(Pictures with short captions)
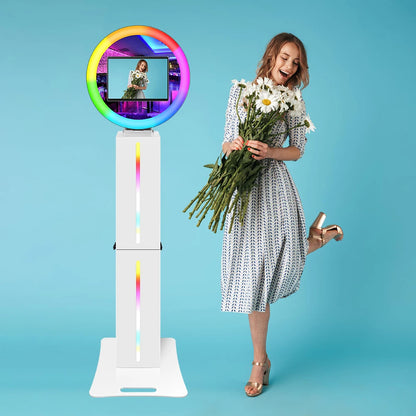 IPad LED Party Events Photobooth Machine For 10.2''/10.5''/11''/12.9''/13''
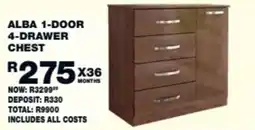 Lewis Alba 1-door 4-drawer chest offer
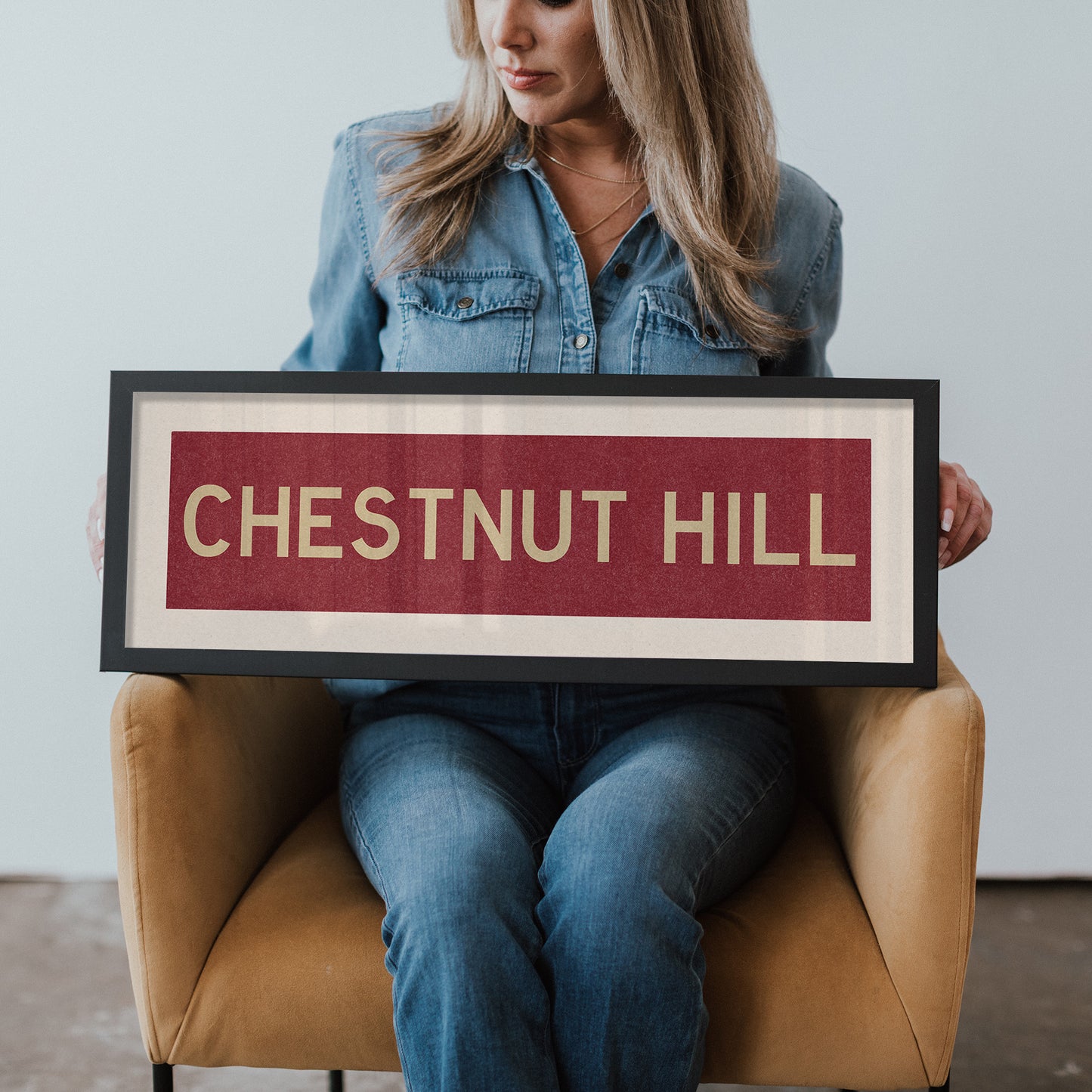 Framed Chestnut Hill Cardinal and Gold Bus Scroll - Tejas Country Club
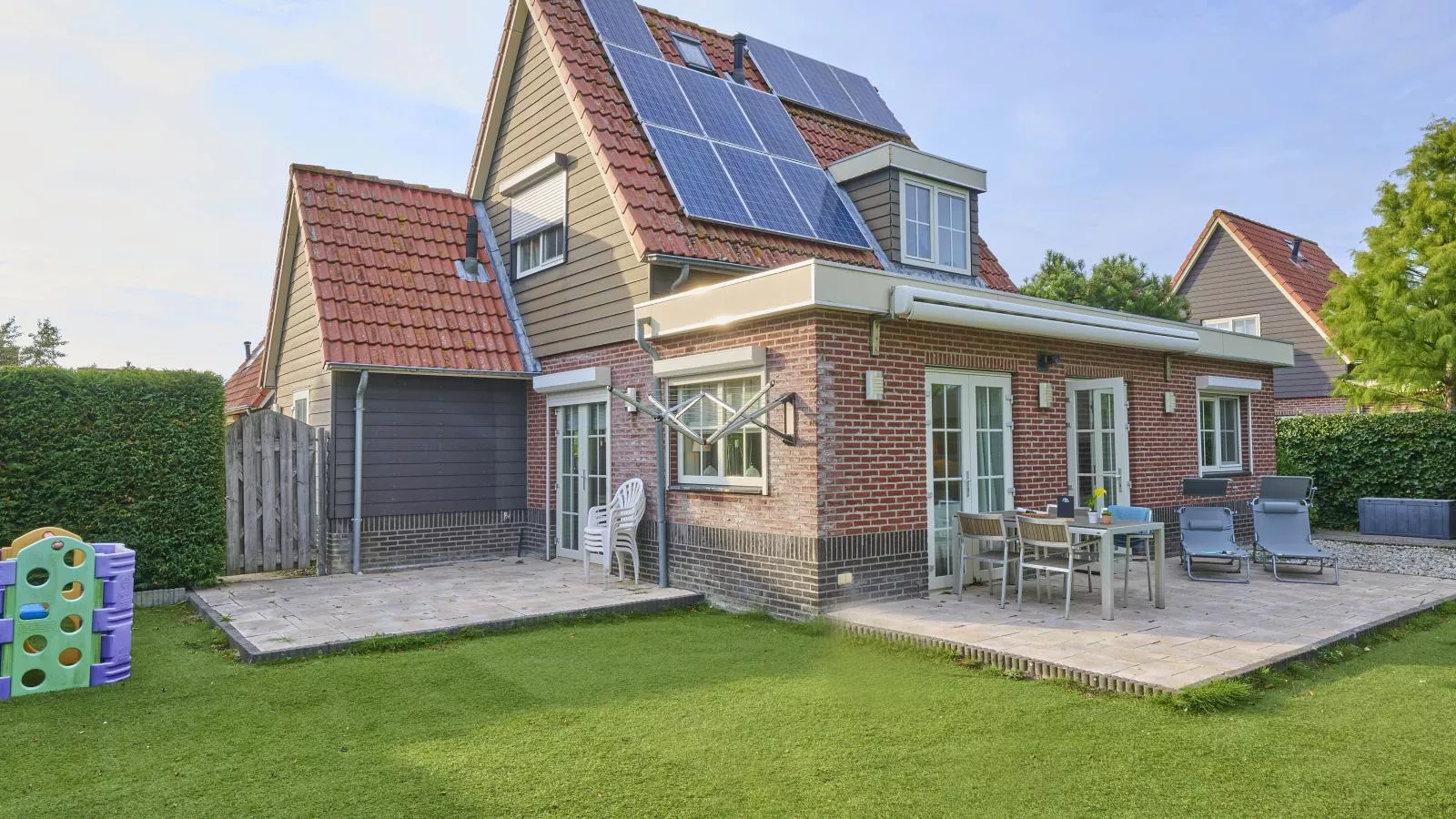 Villa Robinie-Tuinen zomer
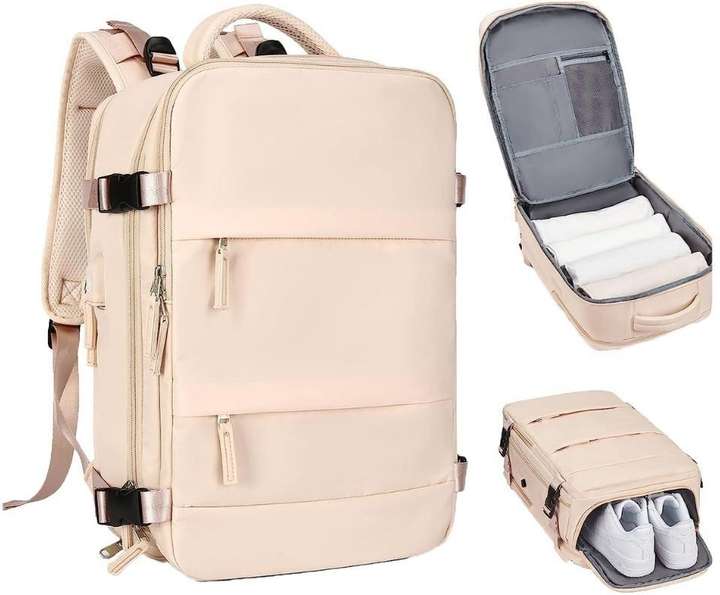 Mens luggage backpack top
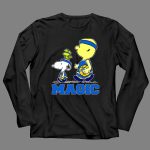 Snoopy Woodstock Basketball Orlando Magic Fans 4 Long Sleeves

**What is being asked**
Please give the records above again exactly as they stand, with no pictures.

**Exercise response**
 IPad LED Party Events Photobooth Machine For 10.2''/10.5''/11''/12.9''/13''
 Lewis Alba 1-door 4-drawer chest offer
 Framed Chestnut Hill Cardinal and Gold Bus Scroll - Tejas Country Club
 Villa Robinie-Tuinen zomer
 Mens luggage backpack top
 Snoopy Woodstock Basketball Orlando Magic Fans 4 Long Sleeves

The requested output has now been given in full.